*** Given records Section Begins ***

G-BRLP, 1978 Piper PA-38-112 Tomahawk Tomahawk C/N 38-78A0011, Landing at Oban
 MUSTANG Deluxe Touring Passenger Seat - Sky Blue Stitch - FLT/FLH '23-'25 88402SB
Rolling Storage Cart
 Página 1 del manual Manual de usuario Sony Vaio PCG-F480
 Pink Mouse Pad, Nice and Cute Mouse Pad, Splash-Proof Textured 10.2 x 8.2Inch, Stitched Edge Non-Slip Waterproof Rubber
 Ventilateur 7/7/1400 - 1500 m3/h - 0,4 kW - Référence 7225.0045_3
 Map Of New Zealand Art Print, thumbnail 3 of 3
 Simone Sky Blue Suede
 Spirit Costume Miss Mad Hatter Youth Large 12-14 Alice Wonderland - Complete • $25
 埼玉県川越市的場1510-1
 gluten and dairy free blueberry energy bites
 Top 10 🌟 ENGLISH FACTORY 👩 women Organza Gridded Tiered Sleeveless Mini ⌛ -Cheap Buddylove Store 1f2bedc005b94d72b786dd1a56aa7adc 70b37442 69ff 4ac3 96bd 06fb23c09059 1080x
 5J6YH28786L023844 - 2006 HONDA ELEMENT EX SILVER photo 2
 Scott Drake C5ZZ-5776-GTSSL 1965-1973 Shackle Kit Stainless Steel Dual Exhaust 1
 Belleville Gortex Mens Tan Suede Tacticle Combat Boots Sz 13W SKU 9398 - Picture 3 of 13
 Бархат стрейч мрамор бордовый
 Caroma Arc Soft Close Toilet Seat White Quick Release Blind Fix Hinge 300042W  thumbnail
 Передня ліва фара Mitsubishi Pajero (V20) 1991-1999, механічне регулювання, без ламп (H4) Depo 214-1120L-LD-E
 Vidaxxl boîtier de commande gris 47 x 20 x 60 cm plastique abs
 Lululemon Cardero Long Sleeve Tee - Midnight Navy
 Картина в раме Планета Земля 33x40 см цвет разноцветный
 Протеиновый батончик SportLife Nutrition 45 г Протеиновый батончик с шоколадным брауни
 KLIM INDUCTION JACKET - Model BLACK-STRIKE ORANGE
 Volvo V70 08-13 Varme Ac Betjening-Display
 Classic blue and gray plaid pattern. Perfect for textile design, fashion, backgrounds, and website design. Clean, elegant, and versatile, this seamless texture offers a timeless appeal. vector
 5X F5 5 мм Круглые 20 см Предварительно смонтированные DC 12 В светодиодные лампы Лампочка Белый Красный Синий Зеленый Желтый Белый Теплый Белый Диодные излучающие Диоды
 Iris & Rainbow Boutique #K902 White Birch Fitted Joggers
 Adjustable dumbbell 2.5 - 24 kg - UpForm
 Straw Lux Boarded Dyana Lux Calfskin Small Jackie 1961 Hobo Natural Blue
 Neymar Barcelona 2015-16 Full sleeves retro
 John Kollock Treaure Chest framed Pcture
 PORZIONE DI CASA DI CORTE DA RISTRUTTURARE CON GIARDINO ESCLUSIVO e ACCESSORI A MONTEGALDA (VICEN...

*** Given records Section Ends ***

Aim of the exercise ->
Lines above with "White" in them are the ones to copy.

Completed task ->
 Caroma Arc Soft Close Toilet Seat White Quick Release Blind Fix Hinge 300042W  thumbnail
 Iris & Rainbow Boutique #K902 White Birch Fitted Joggers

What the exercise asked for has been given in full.